Foi no terceiro dia que ele me chamou.
“Tem um minuto, enfermeira?” perguntou. Aproximei a cadeira.
“Já acreditou que um cão pode salvar uma vida?” ele disse.
Sorri. “Acho que estou a viver a prova disso agora.”
António riu-se, cansado. “Bolinhas não me salvou. Salvou-a a ela.”
Inclinei a cabeça. “Ela… a sua esposa?”
Ele abanou a cabeça, devagar. “A minha vizinha. A Leonor. Foi há anos. Talvez doze? Ela desapareceu. Todos pensaram que tinha fugido. Mas eu sabia que não.”

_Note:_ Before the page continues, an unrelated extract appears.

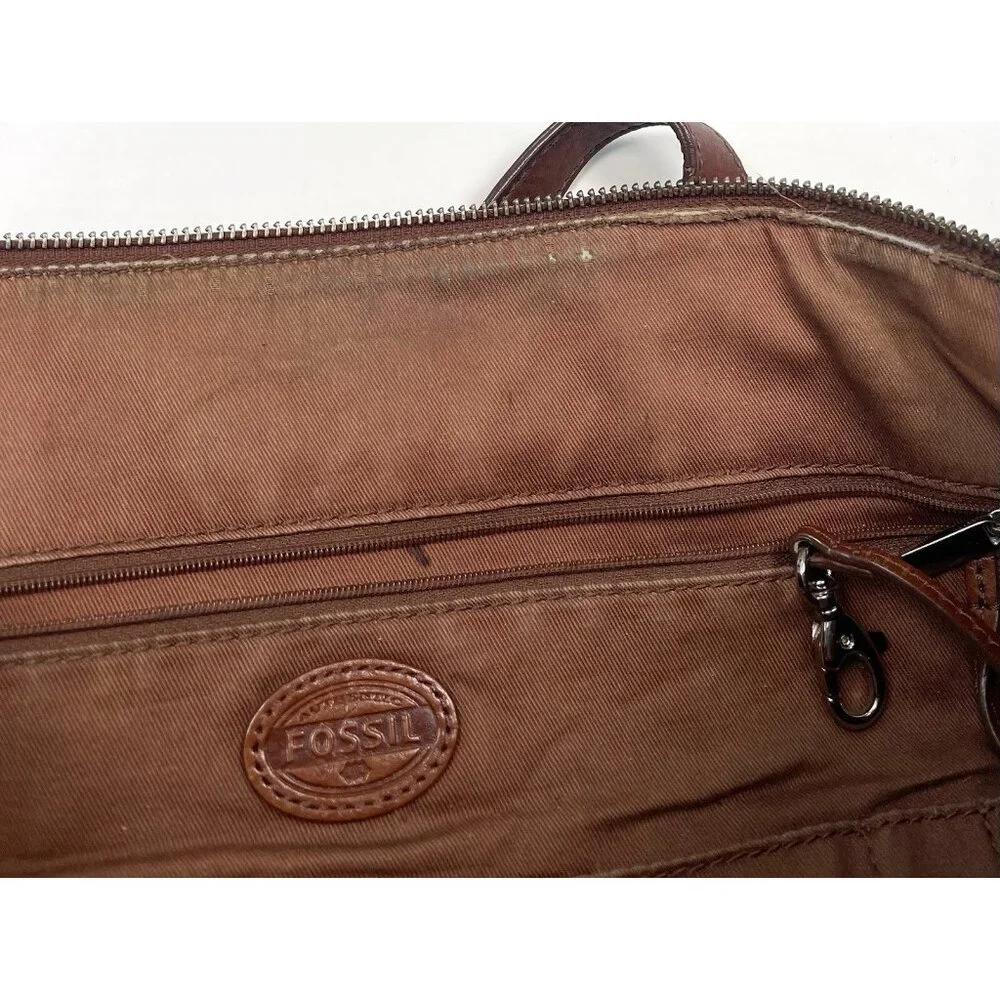 FOSSIL 17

Meus olhos arregalaram-se. Pessoa desaparecida?
“Ela tinha dezasseis anos,” continuou. “Problemática. Mas doce. Às vezes vinha passear o Bolinhas quando as minhas dores nas articulações pioravam. Costumávamos sentar-nos na varanda e conversar. Ela chamava-me ‘Sr. T.’ Dizia que eu lembrava o avô dela.”
“E depois ela desapareceu?” perguntei, suavemente.
Ele acenou. “A polícia achou que ela tinha ido com algum rapaz. A mãe não fez nada. Disse que ela sempre foi rebelde. Mas eu… eu não conseguia deixar de sentir que algo estava errado.”
Ele parou para tossir, e Bolinhas ergueu a cabeça, sentindo a mudança na respiração de António.
“Levei o Bolinhas comigo todas as manhãs. Andámos pela periferia da cidade, pelos bosques, até pela pedreira abandonada. Achavam que eu era louco.”
Ouvi atentamente. Ele agora sussurrava, como se temesse que a história se perdesse no ar.
“Então, uma manhã, o Bolinhas parou. Ficou imóvel perto de um barranco. Não se mexia. Ladrou, uma vez. Depois outra. E eu olhei para baixo e vi—o lenço dela. Enroscado num arbusto.”
Ele respirou, tremendo. “Encontrámo-la num vale. Gelada. A tremer. Mas viva.”
Meu coração apertou. “O que lhe aconteceu?”
“Foi raptada,” ele disse. “Pelo padrasto. Ele maltratava-a há anos. Naquela noite, ela tentou fugir. Ele perseguiu-a até à floresta, deixou-a lá para morrer de frio. Mas o Bolinhas—ele encontrou-a.”
Não sabia o que dizer. Fiquei ali, deixando as palavras afundarem.
“Ela ficou comigo depois disso,” António acrescentou. “Por um tempo. Até o sistema encontrar um lugar melhor para ela. EE foi assim que Bolinhas, o velho António e a Leonor, agora uma mulher forte, provaram que o amor e a lealdade podem atravessar o tempo e a distância, deixando uma marca eterna em quem acredita nos pequenos milagres do dia a dia.